De Luca: “9 anni di calvario, dedico questo momento alla mia famiglia” VIDEO

Alessandra Serio

De Luca: “9 anni di calvario, dedico questo momento alla mia famiglia” VIDEO

mercoledì 11 Settembre 2019 - 13:59

Messina- Confermata l'assoluzione, le prime dichiarazioni del sindaco sono per la sua famiglia

Le prime parole del sindaco De Luca dopo la sentenza d’appello che conferma l’assoluzione di primo grado e gli consente quindi di proseguire il suo mandato sono per la sua famiglia “Hanno condiviso con me questi 9 anni di calvario, lo hanno pagato insieme a me”.
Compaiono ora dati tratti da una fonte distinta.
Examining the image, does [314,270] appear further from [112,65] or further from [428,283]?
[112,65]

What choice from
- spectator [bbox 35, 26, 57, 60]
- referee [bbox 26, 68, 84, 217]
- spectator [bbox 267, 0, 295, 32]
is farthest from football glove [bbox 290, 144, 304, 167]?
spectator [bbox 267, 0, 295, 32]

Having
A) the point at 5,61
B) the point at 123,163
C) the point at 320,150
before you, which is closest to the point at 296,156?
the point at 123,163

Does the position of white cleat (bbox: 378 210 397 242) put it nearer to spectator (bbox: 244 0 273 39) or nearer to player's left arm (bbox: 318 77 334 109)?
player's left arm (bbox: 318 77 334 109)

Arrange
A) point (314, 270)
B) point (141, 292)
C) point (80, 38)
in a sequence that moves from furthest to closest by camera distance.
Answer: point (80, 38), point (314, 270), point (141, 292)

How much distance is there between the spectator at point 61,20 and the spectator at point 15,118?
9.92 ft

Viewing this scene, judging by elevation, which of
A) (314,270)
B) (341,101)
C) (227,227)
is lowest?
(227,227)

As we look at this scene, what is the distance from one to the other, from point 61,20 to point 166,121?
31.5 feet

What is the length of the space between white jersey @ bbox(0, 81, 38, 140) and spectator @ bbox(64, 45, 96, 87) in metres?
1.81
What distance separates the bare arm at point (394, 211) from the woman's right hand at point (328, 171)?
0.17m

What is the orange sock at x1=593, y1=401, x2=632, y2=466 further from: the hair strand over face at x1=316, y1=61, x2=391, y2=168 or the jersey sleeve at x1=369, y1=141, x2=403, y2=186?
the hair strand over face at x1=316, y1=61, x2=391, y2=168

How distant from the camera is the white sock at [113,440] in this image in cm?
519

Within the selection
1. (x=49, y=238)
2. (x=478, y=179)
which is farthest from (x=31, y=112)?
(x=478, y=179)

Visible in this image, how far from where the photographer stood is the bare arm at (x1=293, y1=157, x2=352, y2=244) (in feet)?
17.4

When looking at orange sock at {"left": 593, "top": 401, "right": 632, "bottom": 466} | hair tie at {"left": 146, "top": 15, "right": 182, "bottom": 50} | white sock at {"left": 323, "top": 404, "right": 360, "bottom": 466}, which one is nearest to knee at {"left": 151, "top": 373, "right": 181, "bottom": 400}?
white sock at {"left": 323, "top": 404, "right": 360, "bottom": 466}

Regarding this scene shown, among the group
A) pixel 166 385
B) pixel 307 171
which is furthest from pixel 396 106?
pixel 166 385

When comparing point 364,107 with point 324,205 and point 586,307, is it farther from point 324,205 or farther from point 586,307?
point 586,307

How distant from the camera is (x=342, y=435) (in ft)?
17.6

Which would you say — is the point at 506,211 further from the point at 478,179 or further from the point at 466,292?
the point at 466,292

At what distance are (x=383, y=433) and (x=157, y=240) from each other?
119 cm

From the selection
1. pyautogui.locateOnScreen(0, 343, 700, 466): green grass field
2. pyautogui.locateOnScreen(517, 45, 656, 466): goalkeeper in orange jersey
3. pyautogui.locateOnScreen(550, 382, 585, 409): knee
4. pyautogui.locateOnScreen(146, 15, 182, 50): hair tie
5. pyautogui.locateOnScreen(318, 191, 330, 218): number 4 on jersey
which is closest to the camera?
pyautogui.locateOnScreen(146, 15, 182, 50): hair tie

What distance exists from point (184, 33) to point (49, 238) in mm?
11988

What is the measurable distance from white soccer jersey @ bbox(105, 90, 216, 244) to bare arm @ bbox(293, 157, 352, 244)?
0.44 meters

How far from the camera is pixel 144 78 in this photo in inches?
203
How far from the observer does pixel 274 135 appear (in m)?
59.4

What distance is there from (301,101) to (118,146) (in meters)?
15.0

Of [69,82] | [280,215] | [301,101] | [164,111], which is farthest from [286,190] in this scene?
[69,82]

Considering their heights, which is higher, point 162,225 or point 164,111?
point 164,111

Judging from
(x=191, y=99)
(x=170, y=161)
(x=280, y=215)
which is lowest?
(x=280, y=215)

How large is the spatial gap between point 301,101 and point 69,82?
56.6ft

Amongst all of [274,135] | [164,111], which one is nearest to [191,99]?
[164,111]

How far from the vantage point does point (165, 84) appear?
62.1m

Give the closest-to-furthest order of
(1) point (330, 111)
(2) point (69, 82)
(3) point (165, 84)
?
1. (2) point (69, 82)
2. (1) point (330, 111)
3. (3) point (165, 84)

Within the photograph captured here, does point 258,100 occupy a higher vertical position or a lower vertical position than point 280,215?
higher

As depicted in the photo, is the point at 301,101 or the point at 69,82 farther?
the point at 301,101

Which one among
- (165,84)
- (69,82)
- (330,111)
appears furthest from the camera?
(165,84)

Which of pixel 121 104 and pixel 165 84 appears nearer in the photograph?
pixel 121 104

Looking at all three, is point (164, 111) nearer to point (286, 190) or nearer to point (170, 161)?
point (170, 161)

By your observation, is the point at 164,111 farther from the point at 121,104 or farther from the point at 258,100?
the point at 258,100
Subito dopo la lettura del verdetto, Cateno De Luca ha parlato ai giornalisti. Con grande pacatezza si è dichiarato soddisfatto di questo esito per il quale ha combattutto in questi anni. Ha chiesto scusa per i suoi veementi attacchi soprattutto alla Magistratura. E con la voce rotta dall’emozione e le lacrime agli occhi ha detto grazie alla sua famiglia.
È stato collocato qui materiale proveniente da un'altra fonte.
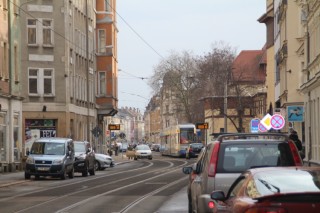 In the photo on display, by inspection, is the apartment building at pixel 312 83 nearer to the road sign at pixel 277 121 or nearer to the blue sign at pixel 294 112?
the road sign at pixel 277 121

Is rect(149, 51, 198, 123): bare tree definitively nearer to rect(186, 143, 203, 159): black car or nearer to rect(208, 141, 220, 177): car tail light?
rect(186, 143, 203, 159): black car

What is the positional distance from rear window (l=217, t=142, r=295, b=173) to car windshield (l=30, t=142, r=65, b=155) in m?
23.8

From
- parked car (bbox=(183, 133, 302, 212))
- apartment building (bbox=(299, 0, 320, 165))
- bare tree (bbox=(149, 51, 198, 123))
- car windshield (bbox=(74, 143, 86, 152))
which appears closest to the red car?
parked car (bbox=(183, 133, 302, 212))

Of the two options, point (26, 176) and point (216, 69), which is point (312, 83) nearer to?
point (26, 176)

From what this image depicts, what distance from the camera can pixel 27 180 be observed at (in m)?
34.2

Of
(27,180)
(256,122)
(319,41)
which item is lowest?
(27,180)

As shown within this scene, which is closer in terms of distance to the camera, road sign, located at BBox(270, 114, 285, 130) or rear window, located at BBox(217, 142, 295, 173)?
Result: rear window, located at BBox(217, 142, 295, 173)

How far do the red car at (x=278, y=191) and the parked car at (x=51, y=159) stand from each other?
Result: 2561cm

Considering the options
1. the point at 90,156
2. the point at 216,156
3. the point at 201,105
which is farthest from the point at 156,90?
the point at 216,156

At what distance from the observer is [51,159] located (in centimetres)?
3434

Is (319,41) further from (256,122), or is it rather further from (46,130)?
(46,130)

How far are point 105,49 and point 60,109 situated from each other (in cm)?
1456

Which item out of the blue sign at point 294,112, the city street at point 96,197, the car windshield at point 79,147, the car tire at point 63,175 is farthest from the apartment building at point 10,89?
the blue sign at point 294,112

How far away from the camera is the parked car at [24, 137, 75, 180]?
113 feet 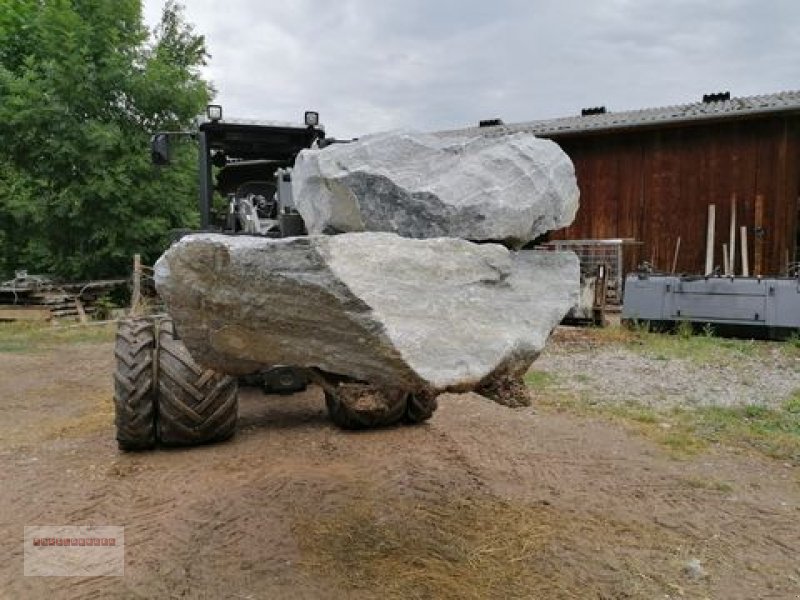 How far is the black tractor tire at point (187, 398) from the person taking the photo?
4.77 m

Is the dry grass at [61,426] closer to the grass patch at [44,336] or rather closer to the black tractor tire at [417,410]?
the black tractor tire at [417,410]

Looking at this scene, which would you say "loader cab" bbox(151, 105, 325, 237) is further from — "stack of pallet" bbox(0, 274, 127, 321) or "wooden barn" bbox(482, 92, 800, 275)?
"wooden barn" bbox(482, 92, 800, 275)

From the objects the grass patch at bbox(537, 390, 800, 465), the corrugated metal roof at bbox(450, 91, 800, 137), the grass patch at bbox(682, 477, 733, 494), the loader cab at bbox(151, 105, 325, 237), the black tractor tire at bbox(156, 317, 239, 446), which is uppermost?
the corrugated metal roof at bbox(450, 91, 800, 137)

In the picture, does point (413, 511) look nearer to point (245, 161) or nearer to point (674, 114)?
point (245, 161)

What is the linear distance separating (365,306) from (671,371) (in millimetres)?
6984

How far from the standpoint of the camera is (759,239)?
46.5 feet

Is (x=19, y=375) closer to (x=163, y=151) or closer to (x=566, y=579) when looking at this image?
(x=163, y=151)

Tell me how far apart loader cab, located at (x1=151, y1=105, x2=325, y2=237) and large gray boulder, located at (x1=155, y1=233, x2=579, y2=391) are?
299 cm

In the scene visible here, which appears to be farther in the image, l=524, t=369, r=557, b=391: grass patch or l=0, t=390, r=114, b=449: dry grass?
l=524, t=369, r=557, b=391: grass patch

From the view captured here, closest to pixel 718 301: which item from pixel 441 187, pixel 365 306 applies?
pixel 441 187

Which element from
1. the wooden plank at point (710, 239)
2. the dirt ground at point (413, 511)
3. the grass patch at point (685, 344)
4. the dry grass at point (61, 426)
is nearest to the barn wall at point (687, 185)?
the wooden plank at point (710, 239)

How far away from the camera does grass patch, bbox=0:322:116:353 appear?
1098 cm

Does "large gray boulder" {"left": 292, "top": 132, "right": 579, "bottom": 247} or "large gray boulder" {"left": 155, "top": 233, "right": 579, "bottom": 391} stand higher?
"large gray boulder" {"left": 292, "top": 132, "right": 579, "bottom": 247}

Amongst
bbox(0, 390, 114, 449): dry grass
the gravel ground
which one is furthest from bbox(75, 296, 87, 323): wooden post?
the gravel ground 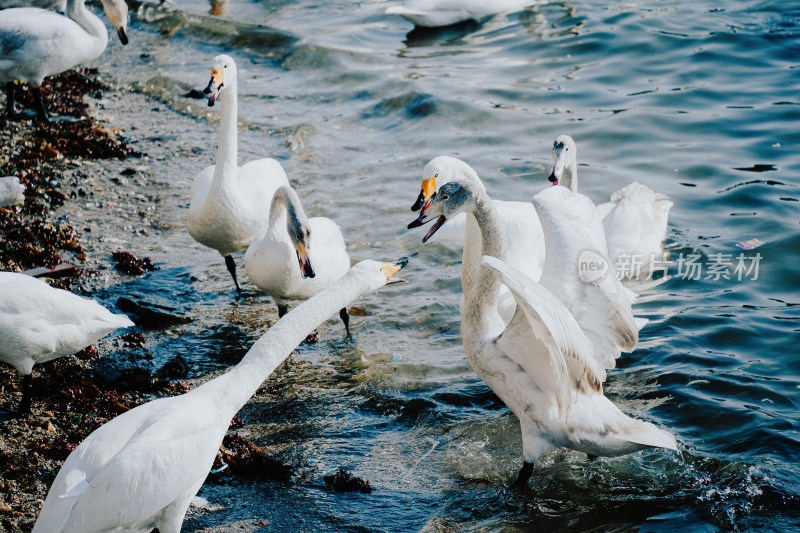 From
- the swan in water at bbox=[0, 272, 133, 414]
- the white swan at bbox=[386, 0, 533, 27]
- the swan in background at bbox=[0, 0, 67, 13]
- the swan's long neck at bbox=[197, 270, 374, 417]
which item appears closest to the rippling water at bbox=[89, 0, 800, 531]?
the white swan at bbox=[386, 0, 533, 27]

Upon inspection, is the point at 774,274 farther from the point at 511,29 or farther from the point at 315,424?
the point at 511,29

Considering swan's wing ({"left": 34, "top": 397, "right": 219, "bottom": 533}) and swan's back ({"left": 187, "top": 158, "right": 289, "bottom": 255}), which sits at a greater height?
swan's back ({"left": 187, "top": 158, "right": 289, "bottom": 255})

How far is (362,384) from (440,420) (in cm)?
75

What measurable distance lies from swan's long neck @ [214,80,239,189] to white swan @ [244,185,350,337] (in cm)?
81

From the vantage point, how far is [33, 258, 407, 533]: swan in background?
395 centimetres

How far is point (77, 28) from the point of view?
10.6 meters

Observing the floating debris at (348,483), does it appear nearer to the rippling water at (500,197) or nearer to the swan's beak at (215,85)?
the rippling water at (500,197)

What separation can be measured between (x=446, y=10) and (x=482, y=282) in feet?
34.5

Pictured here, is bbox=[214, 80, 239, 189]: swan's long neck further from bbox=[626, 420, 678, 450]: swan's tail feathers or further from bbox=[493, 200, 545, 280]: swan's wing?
bbox=[626, 420, 678, 450]: swan's tail feathers

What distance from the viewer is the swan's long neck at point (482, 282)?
5.47m

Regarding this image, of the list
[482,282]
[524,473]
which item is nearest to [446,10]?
A: [482,282]

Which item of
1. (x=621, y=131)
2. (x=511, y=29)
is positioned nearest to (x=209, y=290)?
(x=621, y=131)

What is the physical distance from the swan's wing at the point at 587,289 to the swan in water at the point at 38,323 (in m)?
3.03

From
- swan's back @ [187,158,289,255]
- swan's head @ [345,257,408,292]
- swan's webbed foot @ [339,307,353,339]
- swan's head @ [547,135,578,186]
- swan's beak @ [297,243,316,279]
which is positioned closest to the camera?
swan's head @ [345,257,408,292] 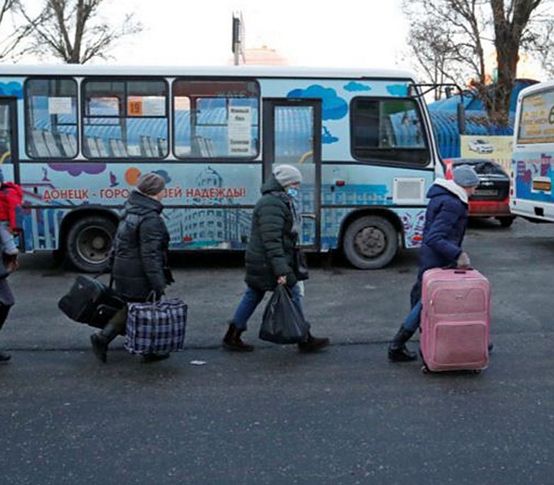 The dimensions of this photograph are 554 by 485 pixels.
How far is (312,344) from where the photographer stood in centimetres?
618

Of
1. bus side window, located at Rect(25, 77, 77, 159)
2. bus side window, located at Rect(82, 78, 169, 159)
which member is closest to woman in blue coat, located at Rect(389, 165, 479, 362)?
bus side window, located at Rect(82, 78, 169, 159)

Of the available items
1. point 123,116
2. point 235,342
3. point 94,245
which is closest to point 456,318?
point 235,342

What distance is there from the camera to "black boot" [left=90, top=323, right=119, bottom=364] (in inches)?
227

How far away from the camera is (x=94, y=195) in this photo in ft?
31.1

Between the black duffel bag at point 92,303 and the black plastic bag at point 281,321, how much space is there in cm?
118

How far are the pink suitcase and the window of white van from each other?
4534 millimetres

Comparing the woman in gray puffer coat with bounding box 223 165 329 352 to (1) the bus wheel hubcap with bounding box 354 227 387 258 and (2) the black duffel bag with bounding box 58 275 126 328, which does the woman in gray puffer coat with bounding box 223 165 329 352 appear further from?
(1) the bus wheel hubcap with bounding box 354 227 387 258

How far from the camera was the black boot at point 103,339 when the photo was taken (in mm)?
5762

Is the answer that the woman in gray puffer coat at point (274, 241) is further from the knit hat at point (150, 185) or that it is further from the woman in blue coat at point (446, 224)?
the woman in blue coat at point (446, 224)

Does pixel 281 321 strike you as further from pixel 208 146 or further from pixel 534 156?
pixel 534 156

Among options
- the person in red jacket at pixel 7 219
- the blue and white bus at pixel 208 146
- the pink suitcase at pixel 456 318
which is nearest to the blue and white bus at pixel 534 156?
the blue and white bus at pixel 208 146

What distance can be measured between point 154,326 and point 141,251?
0.59 m

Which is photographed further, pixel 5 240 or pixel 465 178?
pixel 5 240

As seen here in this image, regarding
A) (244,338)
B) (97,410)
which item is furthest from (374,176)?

«Sono soddisfatto di questo esito, onestamente ci speravo anche perché abbiamo sempre cercato di dimostrare la nostra estraneità ai fatti. Non sono mai fuggito dal processo, anche la mia presenza oggi qui era doverosa nei confronti della Magistratura che ha fatto il proprio lavoro al meglio.
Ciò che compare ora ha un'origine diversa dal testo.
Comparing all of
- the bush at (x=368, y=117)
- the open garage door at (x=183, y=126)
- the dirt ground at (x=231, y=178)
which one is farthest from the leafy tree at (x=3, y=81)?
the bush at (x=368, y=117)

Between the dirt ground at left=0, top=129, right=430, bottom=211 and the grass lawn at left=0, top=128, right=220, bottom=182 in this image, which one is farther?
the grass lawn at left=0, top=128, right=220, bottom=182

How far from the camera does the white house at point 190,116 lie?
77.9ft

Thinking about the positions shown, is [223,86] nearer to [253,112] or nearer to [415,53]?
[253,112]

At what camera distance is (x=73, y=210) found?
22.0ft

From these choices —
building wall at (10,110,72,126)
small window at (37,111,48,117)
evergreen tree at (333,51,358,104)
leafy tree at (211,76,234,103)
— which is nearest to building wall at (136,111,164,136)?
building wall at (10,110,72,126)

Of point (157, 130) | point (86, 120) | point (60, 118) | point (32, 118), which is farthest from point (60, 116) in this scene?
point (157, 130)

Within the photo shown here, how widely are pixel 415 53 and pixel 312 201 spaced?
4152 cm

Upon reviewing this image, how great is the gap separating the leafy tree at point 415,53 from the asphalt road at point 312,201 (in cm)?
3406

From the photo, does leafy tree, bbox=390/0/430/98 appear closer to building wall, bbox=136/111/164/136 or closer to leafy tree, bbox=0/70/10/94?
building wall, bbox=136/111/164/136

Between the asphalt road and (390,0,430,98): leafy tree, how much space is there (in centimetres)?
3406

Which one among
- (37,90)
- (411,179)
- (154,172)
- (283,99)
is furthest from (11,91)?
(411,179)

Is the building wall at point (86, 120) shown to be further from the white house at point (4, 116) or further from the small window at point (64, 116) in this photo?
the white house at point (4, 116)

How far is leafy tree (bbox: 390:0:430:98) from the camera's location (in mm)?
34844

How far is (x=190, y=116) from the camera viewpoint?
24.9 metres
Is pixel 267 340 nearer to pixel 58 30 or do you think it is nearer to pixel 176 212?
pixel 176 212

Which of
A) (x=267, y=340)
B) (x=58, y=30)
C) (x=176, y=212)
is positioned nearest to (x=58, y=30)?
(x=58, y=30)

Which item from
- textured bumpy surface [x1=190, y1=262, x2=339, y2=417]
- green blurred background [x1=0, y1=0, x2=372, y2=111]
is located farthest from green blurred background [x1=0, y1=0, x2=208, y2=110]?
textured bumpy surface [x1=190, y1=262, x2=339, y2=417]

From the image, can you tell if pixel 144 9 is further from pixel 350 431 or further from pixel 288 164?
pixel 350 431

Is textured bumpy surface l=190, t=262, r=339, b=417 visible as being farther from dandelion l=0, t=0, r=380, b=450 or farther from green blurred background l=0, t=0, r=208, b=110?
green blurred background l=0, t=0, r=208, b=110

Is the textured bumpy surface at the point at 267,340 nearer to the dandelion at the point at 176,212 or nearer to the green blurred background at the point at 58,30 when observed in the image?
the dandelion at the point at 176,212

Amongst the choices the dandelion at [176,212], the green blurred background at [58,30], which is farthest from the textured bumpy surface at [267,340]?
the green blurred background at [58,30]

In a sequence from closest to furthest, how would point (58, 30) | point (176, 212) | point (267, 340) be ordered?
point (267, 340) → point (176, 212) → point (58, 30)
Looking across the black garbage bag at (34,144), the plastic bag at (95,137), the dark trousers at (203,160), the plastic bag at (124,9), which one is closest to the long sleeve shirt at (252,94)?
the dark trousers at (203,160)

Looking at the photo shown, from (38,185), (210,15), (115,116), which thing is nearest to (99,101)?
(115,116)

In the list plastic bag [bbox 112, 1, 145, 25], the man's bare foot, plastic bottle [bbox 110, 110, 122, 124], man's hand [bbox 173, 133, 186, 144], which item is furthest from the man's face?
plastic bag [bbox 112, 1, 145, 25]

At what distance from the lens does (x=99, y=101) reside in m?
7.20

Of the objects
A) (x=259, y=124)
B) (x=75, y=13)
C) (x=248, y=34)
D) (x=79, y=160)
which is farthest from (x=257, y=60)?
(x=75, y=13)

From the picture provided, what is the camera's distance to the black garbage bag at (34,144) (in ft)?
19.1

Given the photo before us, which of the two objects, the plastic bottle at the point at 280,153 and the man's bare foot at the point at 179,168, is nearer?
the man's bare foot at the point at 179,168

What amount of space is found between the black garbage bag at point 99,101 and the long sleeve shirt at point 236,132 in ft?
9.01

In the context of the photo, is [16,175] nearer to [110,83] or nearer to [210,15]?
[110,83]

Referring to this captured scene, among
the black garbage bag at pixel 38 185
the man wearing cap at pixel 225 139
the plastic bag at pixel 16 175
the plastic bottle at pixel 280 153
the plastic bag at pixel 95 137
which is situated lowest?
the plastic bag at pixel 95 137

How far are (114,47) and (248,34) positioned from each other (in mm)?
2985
Noi avevamo fatto il nostro ricorso incidentale perché avevamo chiesto su qualche capo di imputazione di entrare nel merito della questione. L’aspetto che mi amareggia resta la dichiarazione di inammissibilità su quella che era stata la nostra volontà di andare avanti fino in fondo con massima chiarezza.

Accetto questo verdetto, sono stati quasi nove anni di calvario giudiziario. Oggi si chiude questa storia. Voglio approfittare di questo momento per formulare le mie scuse per gli attacchi che ho rivolto alla Magistratura. Ci sono stati momenti in cui io trovandomi in una situazione umanamente non auguro a nessuno le mie reazioni ci sono state. Oggi che si chiude questa storia voglio scusarmi in modo particolare con il procuratore Barbaro che è stato oggetto dei miei attacchi.

Queste scuse sono formulate oggi nella consapevolezza che il percorso di una giustizia c’è, prima o poi arriva. Stare nove anni in un tritacarne non è una cosa che auguro a nessuno. Spero che la giustizia soprattutto sui tempi sia più celere perché essere sottoposto a ogni occasione ad accuse costanti, essere dichiarato di essere un impresentabile oggi dimostra un solo fatto: se dovevo ascoltare le sirene di chi mi etichettava come impresentabile sarei dovuto rimanere fermo. Non avrei dovuto fare più politica dal 27 giugno 2011, quando sono stato arrestato. Sono andati avanti consapevole della mia innocenza e oggi mi ritrovo sindaco della città di Messina paradossalmente per un incidente giudiziario che mi ha riguardato. Mi auguro che i profili giudiziari di ogni persona non vengano tirati in ballo nella dialettica politica. Gli scontri e le critiche ben vengano ma coprire la povertà di argomenti tirando in ballo gli aspetti giudiziari di una persona per colpire l’avversario significa non avere statura politica».

«Dedico questo risultato alla mia famiglia che ha pagato con me questi nove anni di calvario, ai miei genitori, a mio padre rimasto provato da questa vicenda».